Hokey? Well, maybe a little when it’s described, but very moving in person. Each one of the 175 people receiving the short white coat (traditional for students) is an individual person who has worked very hard to get there and they are (I assume almost all if not all of them) sincere and committed to helping people and making a difference. If studies have shown a scary drop in empathy in medical students in their 3rd year (Are we training physicians to be empathic? Apparently not., September 12, 2009), that is more than 2 years off. If long hours of classes and studying what will often seem trivia in the biomedical sciences scarcely related to being a doctor will fill most of those 2 years, it is not on the agenda today. Today it is about “keeping their eyes on the prize” but also recognizing it will be hard work. In the Oath of Commitment they pledge to work hard, to know their limitations and seek to learn enough to overcome them, and to be life-long learners. They say:
"I will strive to preserve the dignity, the humanity and the privacy of all my patients, and through my openness and kindness I will seek to earn their trust in turn.
I will treat my patients and my colleagues as my fellow beings and never discriminate against them for their differences; and I will ask that they do the same for me.”

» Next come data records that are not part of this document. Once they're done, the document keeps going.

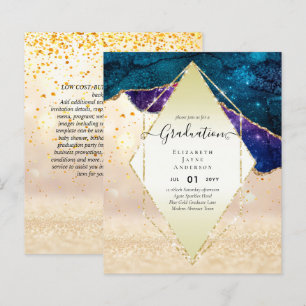 Agaite Glitter GRADUATION Party Invites Glam CHIC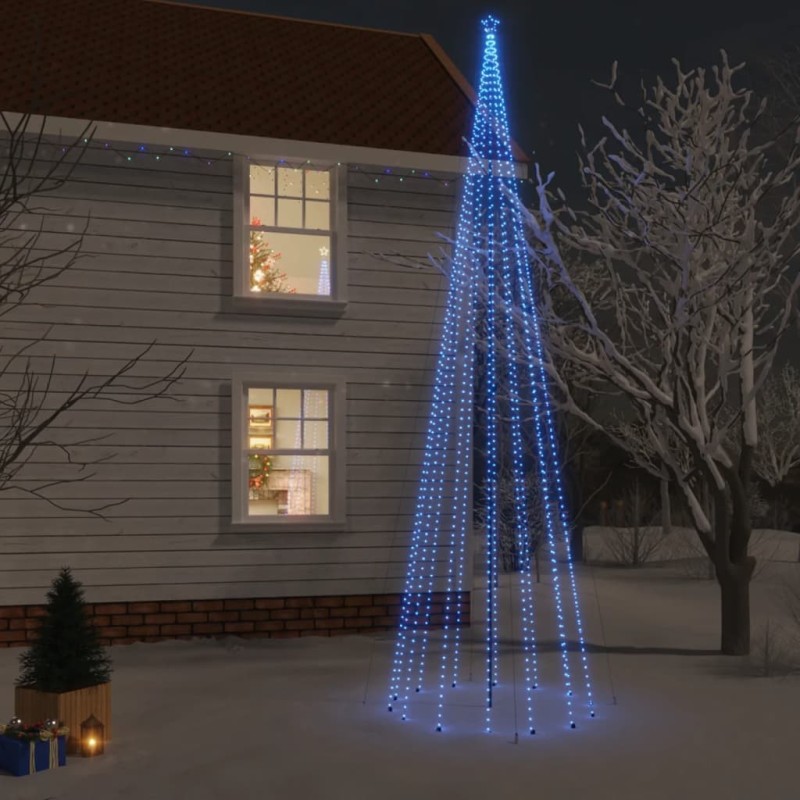 Sapin de Noël avec piquet 1134 LED Bleues 800 cm 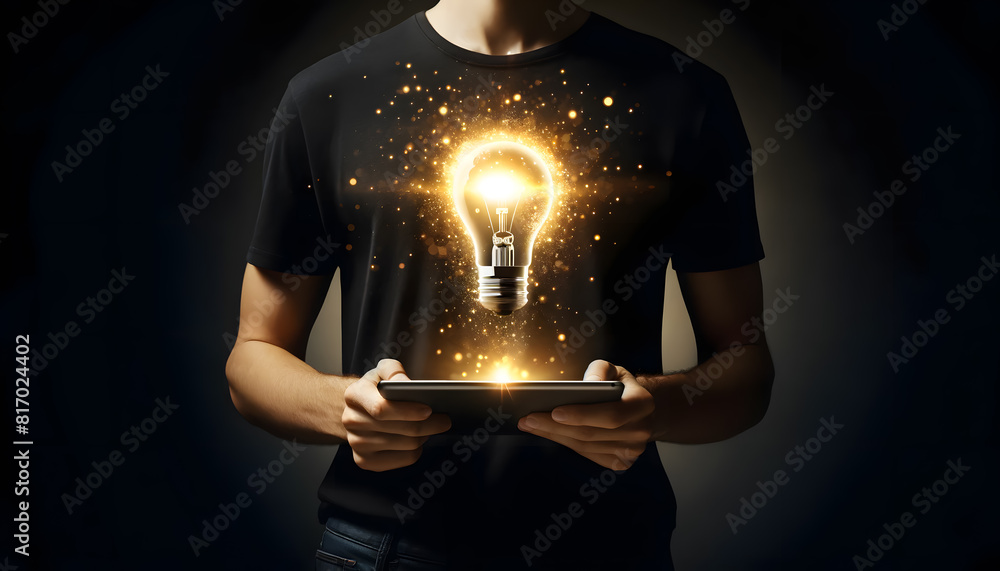 Poster a person with a tablet and a digitally interactive light bulb surrounded by golden particles.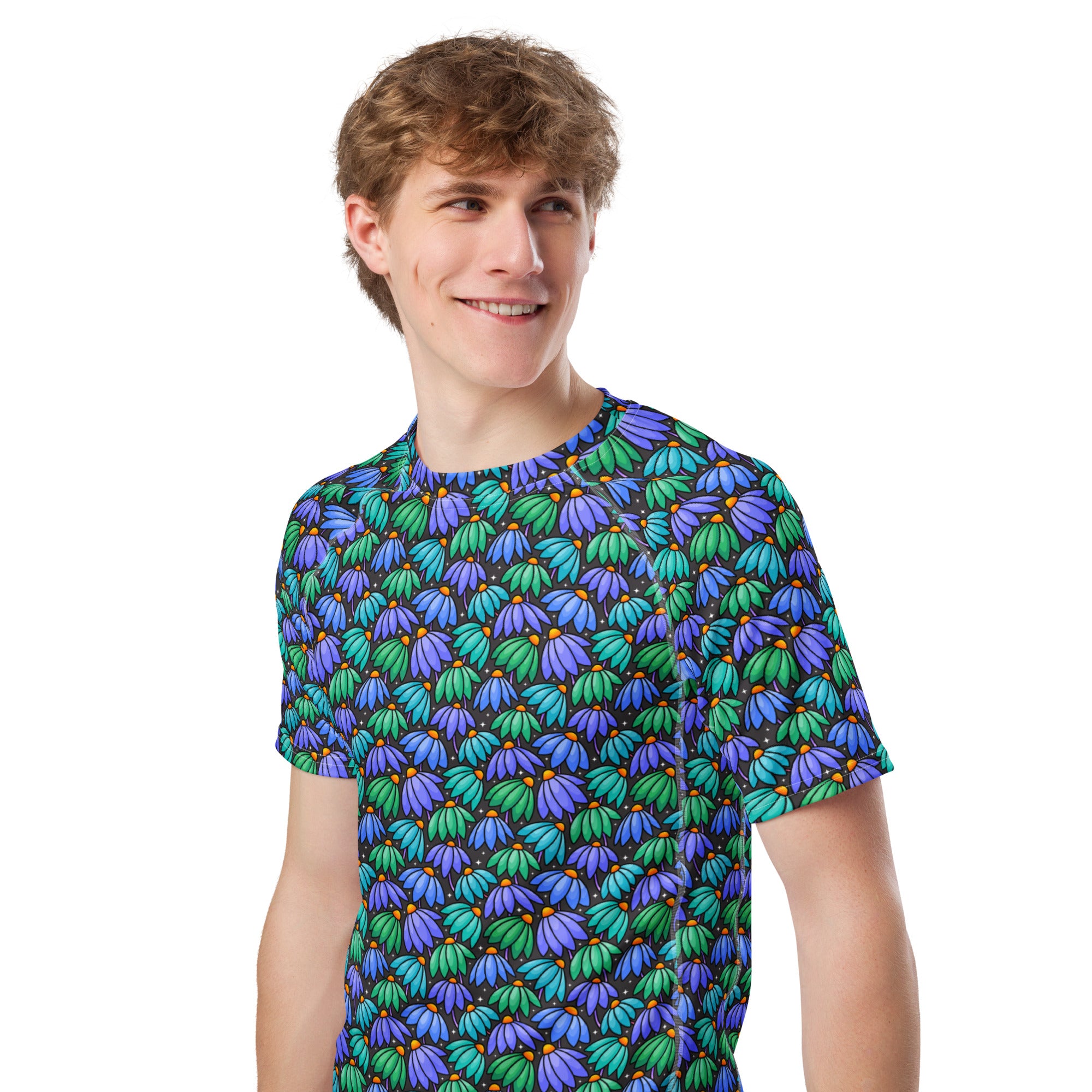 Unisex white short sleeve rash guard featuring colorful floppy flowers all-over print, by Printful.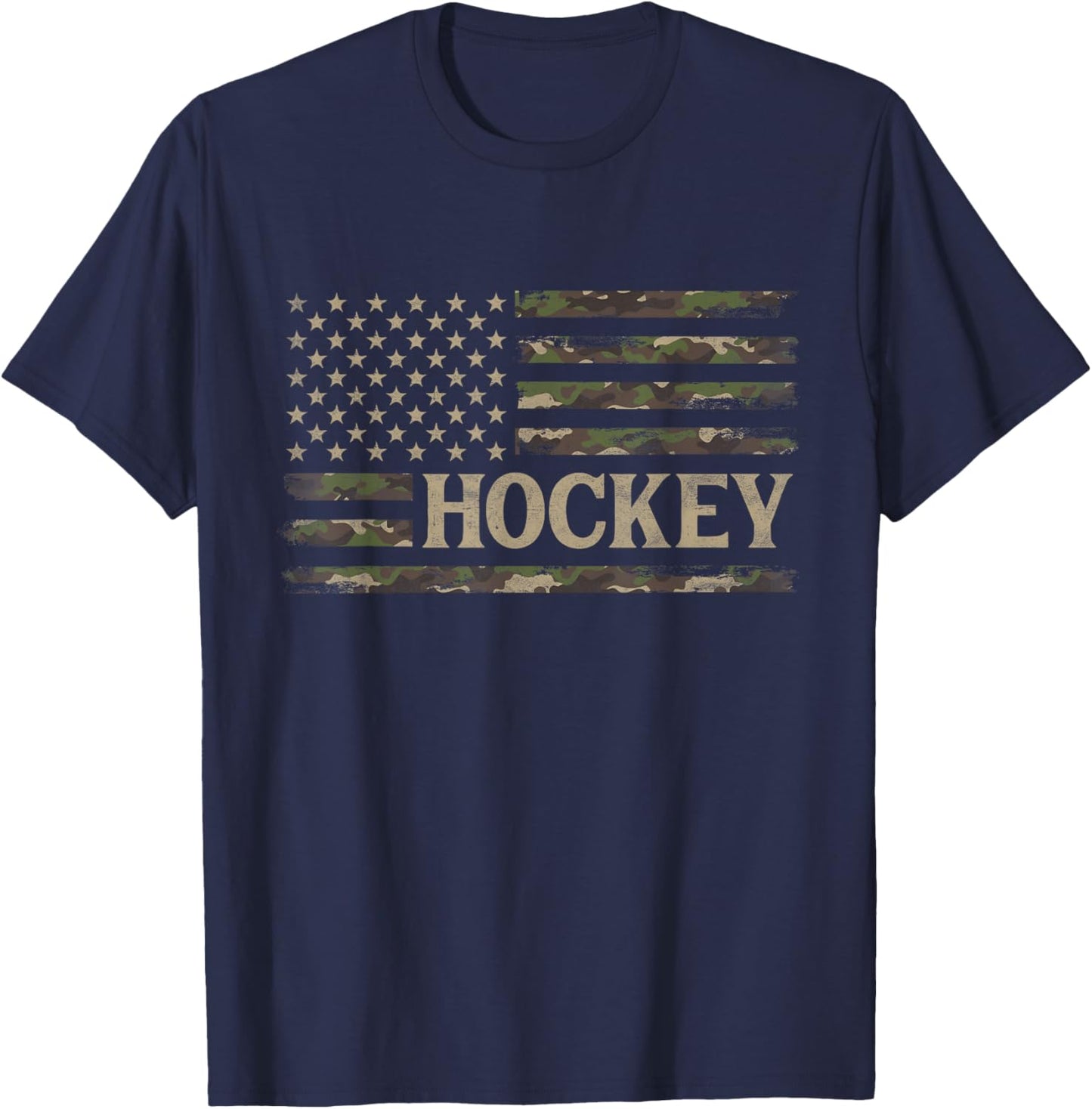 Camo Hockey Camourflage USA Flag Player Coach T-Shirt - T-Shirt | Navy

This expostulation of altruism is, obviously, in marked contrast to the mean-spirited negativism that is characterizing the political campaigns of the day in Kansas (and elsewhere) that I recently addressed on this blog (The political campaign and the future of health reform, July 28, 2010), and criticized in the July 30, 2010 editorial in the Kansas City Star, which notes that, while Nancy Pelosi is not running in Kansas, candidates (mostly conservative Republicans) are attacking their primary opponents (mostly conservative Republicans) by calling them supporters of the Speaker, and even (gasp!) the President. In a few cases, such as the Republican primary for Secretary of State, Elizabeth Ensley, the well-qualified, highly-endorsed candidate surprises Star interviewers by "...blurting out 'I’m pro-life.' When asked what that had to do with the record-keeping office for which she was running, she answered, 'Well, nothing, but people always seem to want to know.’ Of course, Ensley could be forgiven for losing focus. Her GOP opponent, Kris Kobach, is trying to define the race as being about illegal immigration. It’s not.”
I really enjoy hearing where the students are from. Some are from surrounding states like Missouri and Colorado and Nebraska, some from farther away like California and New York, and even a few from other countries. But most are from Kansas, and from all over Kansas. Yes, there are higher proportions from the metropolitan areas of Wichita and suburban Kansas City; but also from the “larger” (for Kansas) cities like Lawrence and Topeka and Hutchinson and lots from places like Goodland and Oberlin and Neosho and Medicine Lodge, where maybe, if the people there are lucky, some of them will return to enter practice.
And then the “Doctor’s Notes”, the student a capella singing group, did a beautiful rendition of John Lennon’s "Imagine". It’s a very lovely song, and it expresses sentiments that are very different from those we are hearing on the local and national political scene. Worried about Nancy Pelosi? Barack Obama? They’re nothing but compromising politicians; our students sang Lennon’s lyrics:
“Imagine there's no countries
It isn't hard to do
Nothing to kill or die for
And no religion too,”
Not a position likely to garner a lot of votes in Kansas. I don’t know the politics of the students in the entering class, or their families, are, but having watched the volunteer work of their predecessors, in the student-run free clinic in Kansas City and in work around the world, I wouldn’t be surprised if many of them see some of their beliefs reflected in the verse that says:
“Imagine no possessions
I wonder if you can
No need for greed or hunger
A brotherhood of man
Imagine all the people
Sharing all the world...”
OK, maybe not the “no possessions” part, but caring for others part. And, if we are lucky, they will continue to care. They will maintain their empathy through the 3rd year of medical school and beyond. They will be life-long learners who care for people and about people, and live a life not simply of service, but of brotherhood. They will truly be healers, and not destroyers. It’s way too early to know, but we can hope that they will be.
Imagine.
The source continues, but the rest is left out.